(What you will do): Give the data again, word for word.
+ + + +
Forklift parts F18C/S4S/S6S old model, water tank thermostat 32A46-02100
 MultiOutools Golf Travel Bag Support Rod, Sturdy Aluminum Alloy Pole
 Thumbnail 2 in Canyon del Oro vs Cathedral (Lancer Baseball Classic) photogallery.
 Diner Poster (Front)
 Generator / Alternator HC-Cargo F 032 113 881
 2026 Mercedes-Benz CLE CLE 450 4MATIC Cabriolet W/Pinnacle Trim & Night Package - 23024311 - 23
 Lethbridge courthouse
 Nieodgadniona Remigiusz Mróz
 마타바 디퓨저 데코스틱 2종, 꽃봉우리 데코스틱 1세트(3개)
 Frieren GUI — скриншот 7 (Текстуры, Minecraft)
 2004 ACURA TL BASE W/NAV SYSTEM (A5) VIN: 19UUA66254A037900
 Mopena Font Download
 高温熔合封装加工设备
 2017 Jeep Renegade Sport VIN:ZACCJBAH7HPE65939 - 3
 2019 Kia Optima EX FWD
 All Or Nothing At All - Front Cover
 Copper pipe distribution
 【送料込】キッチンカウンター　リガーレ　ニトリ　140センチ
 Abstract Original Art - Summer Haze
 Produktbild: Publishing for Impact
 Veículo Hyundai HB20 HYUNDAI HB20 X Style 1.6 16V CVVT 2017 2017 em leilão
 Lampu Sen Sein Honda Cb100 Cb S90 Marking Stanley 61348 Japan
+ + + +
(Expected answer):
Forklift parts F18C/S4S/S6S old model, water tank thermostat 32A46-02100
 MultiOutools Golf Travel Bag Support Rod, Sturdy Aluminum Alloy Pole
 Thumbnail 2 in Canyon del Oro vs Cathedral (Lancer Baseball Classic) photogallery.
 Diner Poster (Front)
 Generator / Alternator HC-Cargo F 032 113 881
 2026 Mercedes-Benz CLE CLE 450 4MATIC Cabriolet W/Pinnacle Trim & Night Package - 23024311 - 23
 Lethbridge courthouse
 Nieodgadniona Remigiusz Mróz
 마타바 디퓨저 데코스틱 2종, 꽃봉우리 데코스틱 1세트(3개)
 Frieren GUI — скриншот 7 (Текстуры, Minecraft)
 2004 ACURA TL BASE W/NAV SYSTEM (A5) VIN: 19UUA66254A037900
 Mopena Font Download
 高温熔合封装加工设备
 2017 Jeep Renegade Sport VIN:ZACCJBAH7HPE65939 - 3
 2019 Kia Optima EX FWD
 All Or Nothing At All - Front Cover
 Copper pipe distribution
 【送料込】キッチンカウンター　リガーレ　ニトリ　140センチ
 Abstract Original Art - Summer Haze
 Produktbild: Publishing for Impact
 Veículo Hyundai HB20 HYUNDAI HB20 X Style 1.6 16V CVVT 2017 2017 em leilão
 Lampu Sen Sein Honda Cb100 Cb S90 Marking Stanley 61348 Japan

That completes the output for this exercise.